Beyond the Gaps: A Deep Dive into SSSD for Time Series Imputation and Forecasting

Introduction: The Problem of Missing Time

Imagine you’re a doctor monitoring a patient’s heart with an ECG, but the sensor glitches and you lose a few critical seconds of data. Or perhaps you’re a financial analyst tracking stock prices and your data feed suddenly has gaps. Missing data is not just inconvenient—it’s a pervasive issue in real-world applications. It can derail machine learning models, introduce bias, and lead to flawed conclusions.

For time series data—where temporal continuity and ordering are crucial—these gaps are particularly damaging. Most machine learning algorithms can’t tolerate missing values, so the usual remedy is imputation: filling in missing entries with plausible estimates. But what makes a good estimate? A simple average might wash out important peaks, while naive interpolation could miss underlying trends entirely. Poor imputations can corrupt downstream analysis.

The paper “Diffusion-based Time Series Imputation and Forecasting with Structured State Space Models” introduces a new model, SSSD (Structured State Space Diffusion), designed to meet this challenge.

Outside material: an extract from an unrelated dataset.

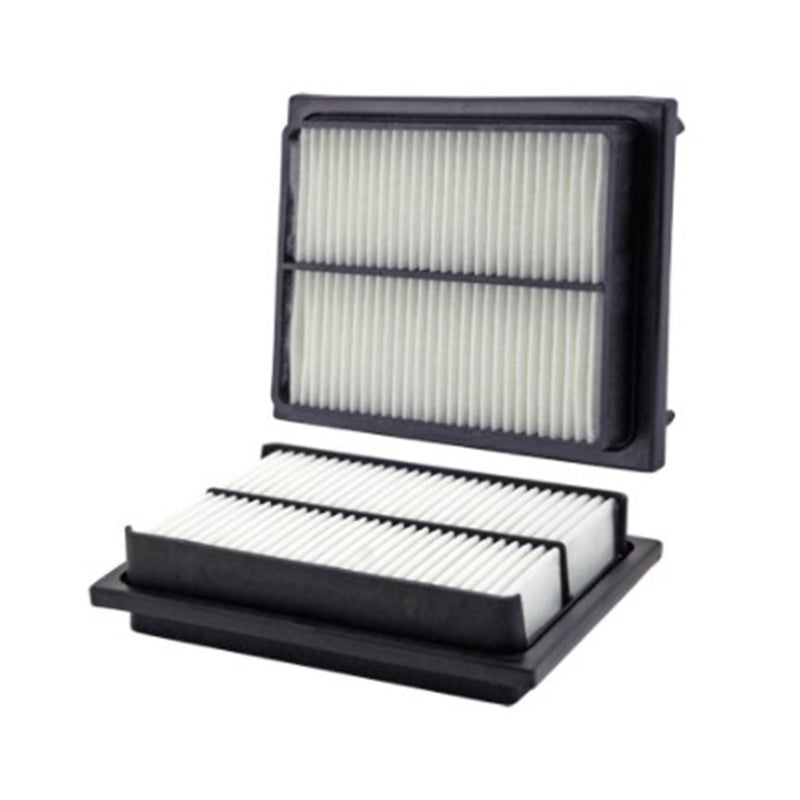 24469 WIX Cabin Air Panel (Replacement Compatible with SANY B222100000660K)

It unites two powerful modern deep learning technologies:

Diffusion Models — State-of-the-art generative models that excel at creating realistic data by reversing a gradual noise-adding process.
Structured State Space Models (S4) — An efficient architecture for capturing long-range dependencies in sequences, often outperforming RNNs and Transformers.

By fusing these, the authors produce a model that achieves state-of-the-art results across diverse benchmarks, and that can excel even in the hardest scenarios—such as imputing large contiguous blocks of missing data—where prior methods have failed completely.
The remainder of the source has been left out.